We are demonstrating for Care Not Deaths to stop the deaths at Santa Rita Jail – including four more lives lost in January and February this year.
Please join us in a protest to stand with the Care First, Jails Last Community Coalition on April 1, at Santa Rita Jail in Dublin (5325 Broder Blvd), starting at 1:00 pm.
Please complete the form (linked here and below) to get specific information about exactly where to meet, and what we’ll be doing. We will send those details to everyone who responds to the poll.
Since the Board of Supervisors’ passage of the Care First, Jails Last Resolution in 2021, we’ve been building power to end the county’s reliance on the criminal legal system to meet the needs of residents with mental health and substance use needs. Collectively, we do this by advocating for divestment from Alameda County’s criminal legal apparatus and reinvestment of this money into an upstream, community-based, life-affirming continuum of care. We don’t want to see individuals’ crises addressed inside the county jail.
Yet in just the first two months of 2023, under the care of the newly elected Sheriff, four people incarcerated at Santa Rita Jail lost their lives: Stephen Lofton on January 17; Elizabeth Laurel on February 13; Charles Johnson on February 4; and Candice “Cody” Van Buren on February 28. Cody Van Buren’s death is at least the 66th in Santa Rita Jail since 2014, according to KTVU. Seven other people at Santa Rita experienced fentanyl overdoses in February.

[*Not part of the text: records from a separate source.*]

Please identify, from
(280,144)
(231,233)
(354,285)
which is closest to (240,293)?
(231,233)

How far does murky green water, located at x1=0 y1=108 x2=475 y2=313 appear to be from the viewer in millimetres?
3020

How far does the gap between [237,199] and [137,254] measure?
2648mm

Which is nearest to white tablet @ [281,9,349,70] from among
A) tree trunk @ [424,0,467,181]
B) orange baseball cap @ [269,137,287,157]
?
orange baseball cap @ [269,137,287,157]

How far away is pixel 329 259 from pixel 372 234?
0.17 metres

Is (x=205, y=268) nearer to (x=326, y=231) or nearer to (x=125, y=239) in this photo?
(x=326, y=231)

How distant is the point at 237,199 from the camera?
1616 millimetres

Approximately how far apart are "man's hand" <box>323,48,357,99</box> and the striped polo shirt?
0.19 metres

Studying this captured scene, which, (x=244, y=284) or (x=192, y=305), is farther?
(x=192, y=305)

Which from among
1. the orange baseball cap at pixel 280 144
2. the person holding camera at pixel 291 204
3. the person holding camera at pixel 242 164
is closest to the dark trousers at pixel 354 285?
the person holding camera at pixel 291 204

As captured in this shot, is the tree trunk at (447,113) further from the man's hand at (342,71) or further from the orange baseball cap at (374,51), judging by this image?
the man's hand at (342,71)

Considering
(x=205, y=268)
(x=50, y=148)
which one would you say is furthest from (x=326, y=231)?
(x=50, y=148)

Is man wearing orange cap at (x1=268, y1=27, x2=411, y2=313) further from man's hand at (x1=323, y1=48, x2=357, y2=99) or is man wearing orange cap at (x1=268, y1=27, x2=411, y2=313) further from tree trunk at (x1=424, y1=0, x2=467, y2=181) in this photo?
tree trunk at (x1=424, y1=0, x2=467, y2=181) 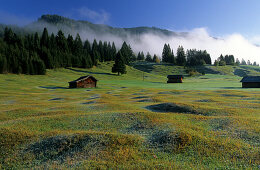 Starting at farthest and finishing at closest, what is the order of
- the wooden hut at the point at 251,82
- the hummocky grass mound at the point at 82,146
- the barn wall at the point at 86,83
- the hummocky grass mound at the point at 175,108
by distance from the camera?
the barn wall at the point at 86,83, the wooden hut at the point at 251,82, the hummocky grass mound at the point at 175,108, the hummocky grass mound at the point at 82,146

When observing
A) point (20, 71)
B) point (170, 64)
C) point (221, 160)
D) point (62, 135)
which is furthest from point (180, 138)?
point (170, 64)

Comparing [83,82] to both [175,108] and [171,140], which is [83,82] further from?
[171,140]

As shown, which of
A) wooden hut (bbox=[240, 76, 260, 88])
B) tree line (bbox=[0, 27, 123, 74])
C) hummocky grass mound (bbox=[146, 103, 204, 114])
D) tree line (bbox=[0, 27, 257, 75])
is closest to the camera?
hummocky grass mound (bbox=[146, 103, 204, 114])

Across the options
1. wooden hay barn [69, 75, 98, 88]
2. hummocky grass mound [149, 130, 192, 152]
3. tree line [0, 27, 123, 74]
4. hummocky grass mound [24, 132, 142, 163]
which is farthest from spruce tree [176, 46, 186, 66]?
hummocky grass mound [24, 132, 142, 163]

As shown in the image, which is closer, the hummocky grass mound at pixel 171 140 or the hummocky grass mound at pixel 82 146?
the hummocky grass mound at pixel 82 146

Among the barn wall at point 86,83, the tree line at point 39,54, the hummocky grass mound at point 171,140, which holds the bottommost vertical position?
the barn wall at point 86,83

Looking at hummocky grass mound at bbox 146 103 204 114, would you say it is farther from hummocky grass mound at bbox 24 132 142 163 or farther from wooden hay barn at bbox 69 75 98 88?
wooden hay barn at bbox 69 75 98 88

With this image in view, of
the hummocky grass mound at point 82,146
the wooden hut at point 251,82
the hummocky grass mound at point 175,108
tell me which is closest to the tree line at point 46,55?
the wooden hut at point 251,82

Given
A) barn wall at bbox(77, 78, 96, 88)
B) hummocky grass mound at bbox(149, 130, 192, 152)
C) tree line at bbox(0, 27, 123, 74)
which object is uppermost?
tree line at bbox(0, 27, 123, 74)

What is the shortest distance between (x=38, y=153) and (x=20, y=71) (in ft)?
319

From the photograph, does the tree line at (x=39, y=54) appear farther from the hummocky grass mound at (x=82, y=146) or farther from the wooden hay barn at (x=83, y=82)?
the hummocky grass mound at (x=82, y=146)

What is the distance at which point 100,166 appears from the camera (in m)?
6.68

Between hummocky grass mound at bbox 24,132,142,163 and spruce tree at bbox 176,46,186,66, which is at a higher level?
spruce tree at bbox 176,46,186,66

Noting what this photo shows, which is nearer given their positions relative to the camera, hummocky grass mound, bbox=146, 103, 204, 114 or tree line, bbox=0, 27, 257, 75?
hummocky grass mound, bbox=146, 103, 204, 114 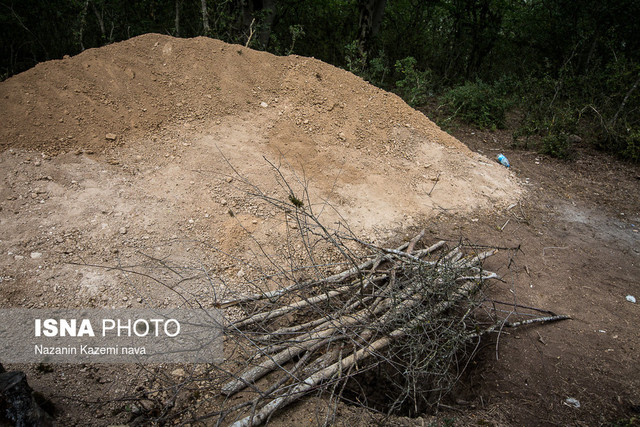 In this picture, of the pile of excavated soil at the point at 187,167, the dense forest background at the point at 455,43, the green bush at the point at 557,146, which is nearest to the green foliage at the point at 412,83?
the dense forest background at the point at 455,43

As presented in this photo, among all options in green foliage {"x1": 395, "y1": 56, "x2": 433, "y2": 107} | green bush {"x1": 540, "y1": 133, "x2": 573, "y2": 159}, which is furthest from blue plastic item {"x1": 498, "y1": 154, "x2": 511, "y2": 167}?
green foliage {"x1": 395, "y1": 56, "x2": 433, "y2": 107}

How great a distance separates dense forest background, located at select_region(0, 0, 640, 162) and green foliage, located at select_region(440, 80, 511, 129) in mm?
21

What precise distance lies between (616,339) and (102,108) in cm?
569

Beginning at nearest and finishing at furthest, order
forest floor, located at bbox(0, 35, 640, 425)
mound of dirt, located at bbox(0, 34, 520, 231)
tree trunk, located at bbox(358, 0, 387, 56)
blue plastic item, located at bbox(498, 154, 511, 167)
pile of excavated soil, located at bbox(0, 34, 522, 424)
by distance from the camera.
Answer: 1. forest floor, located at bbox(0, 35, 640, 425)
2. pile of excavated soil, located at bbox(0, 34, 522, 424)
3. mound of dirt, located at bbox(0, 34, 520, 231)
4. blue plastic item, located at bbox(498, 154, 511, 167)
5. tree trunk, located at bbox(358, 0, 387, 56)

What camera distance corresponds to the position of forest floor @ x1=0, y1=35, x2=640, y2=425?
2.59m

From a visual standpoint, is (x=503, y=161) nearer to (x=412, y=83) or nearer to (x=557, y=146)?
(x=557, y=146)

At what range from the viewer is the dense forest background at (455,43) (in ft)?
21.3

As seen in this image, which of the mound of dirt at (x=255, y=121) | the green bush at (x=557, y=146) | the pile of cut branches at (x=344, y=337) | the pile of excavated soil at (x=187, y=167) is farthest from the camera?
the green bush at (x=557, y=146)

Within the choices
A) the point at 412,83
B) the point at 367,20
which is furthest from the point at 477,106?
the point at 367,20

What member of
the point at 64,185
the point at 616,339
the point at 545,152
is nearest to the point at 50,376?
the point at 64,185

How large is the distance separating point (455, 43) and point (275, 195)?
734cm

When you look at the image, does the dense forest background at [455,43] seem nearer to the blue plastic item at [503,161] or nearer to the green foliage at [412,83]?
the green foliage at [412,83]

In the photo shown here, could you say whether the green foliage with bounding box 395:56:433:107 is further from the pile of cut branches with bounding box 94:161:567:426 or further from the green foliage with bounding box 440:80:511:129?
the pile of cut branches with bounding box 94:161:567:426

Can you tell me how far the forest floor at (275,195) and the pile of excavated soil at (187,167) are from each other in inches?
0.7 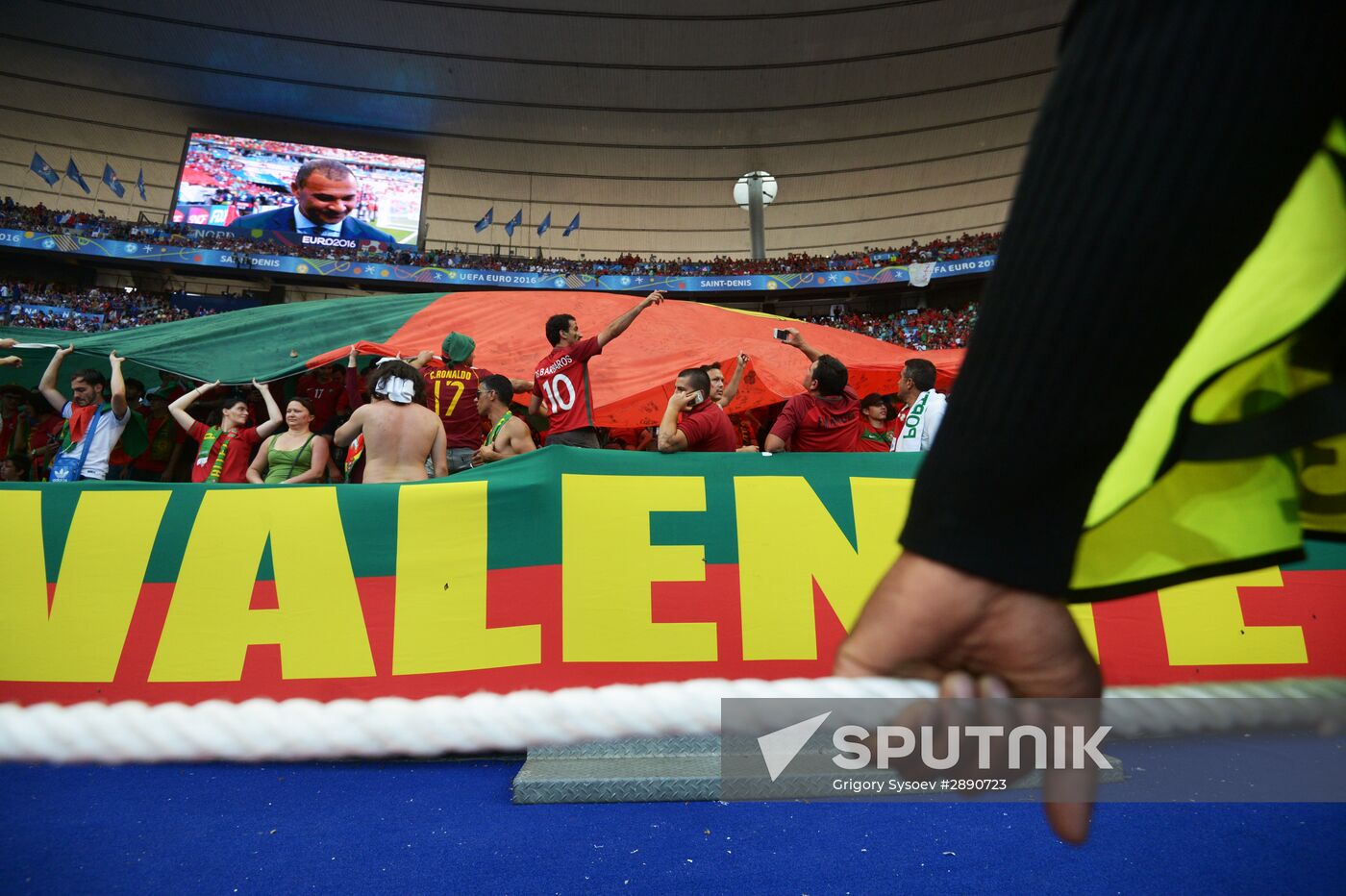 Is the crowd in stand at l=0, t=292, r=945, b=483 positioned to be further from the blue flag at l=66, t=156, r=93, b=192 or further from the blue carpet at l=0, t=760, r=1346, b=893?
the blue flag at l=66, t=156, r=93, b=192

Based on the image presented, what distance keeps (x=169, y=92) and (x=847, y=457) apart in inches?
1068

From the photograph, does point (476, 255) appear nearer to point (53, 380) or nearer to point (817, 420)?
point (53, 380)

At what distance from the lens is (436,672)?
124 inches

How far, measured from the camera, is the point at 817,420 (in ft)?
13.2

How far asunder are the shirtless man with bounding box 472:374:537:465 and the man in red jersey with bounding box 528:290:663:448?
21 cm

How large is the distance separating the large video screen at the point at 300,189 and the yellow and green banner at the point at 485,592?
23061 millimetres

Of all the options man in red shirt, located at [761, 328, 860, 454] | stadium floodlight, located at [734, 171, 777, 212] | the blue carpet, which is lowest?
the blue carpet

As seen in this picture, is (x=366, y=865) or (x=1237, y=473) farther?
(x=366, y=865)

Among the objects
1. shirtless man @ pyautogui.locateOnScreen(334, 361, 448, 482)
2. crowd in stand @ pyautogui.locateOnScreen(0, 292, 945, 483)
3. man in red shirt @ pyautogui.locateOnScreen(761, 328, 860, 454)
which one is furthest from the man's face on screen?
man in red shirt @ pyautogui.locateOnScreen(761, 328, 860, 454)

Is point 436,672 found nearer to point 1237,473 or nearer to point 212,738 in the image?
point 212,738

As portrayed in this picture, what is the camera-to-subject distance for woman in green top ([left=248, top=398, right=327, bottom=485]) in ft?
14.4

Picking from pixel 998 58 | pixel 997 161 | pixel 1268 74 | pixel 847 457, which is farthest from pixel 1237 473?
pixel 997 161

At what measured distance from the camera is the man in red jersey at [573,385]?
4.37 m

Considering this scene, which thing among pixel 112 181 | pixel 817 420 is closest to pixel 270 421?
pixel 817 420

At this moment, Alameda County is going from bad to worse, and we are raising our voices next Saturday, April 1st. While 48% of the county’s discretionary budget is allocated to the Sheriff’s office in the name of “public safety,” our communities are becoming increasingly more unsafe due to the widening of criminalization nets, a lack of deeply affordable housing, and an underfunding of upstream, community-based, and voluntary mental and behavioral health services. The most vulnerable among us are Black, Brown and Indigenous peoples, our unhoused neighbors, and those experiencing serious mental illness. There is no justifiable reason for the continued overfunding of the county’s carceral institutions when these resources are being used to deepen racial disparities and destabilize our care systems. It is abundantly clear: jails do not make us safer. Our loved ones and neighbors should not be pushed through the criminal legal system for lack of mental health services in the community.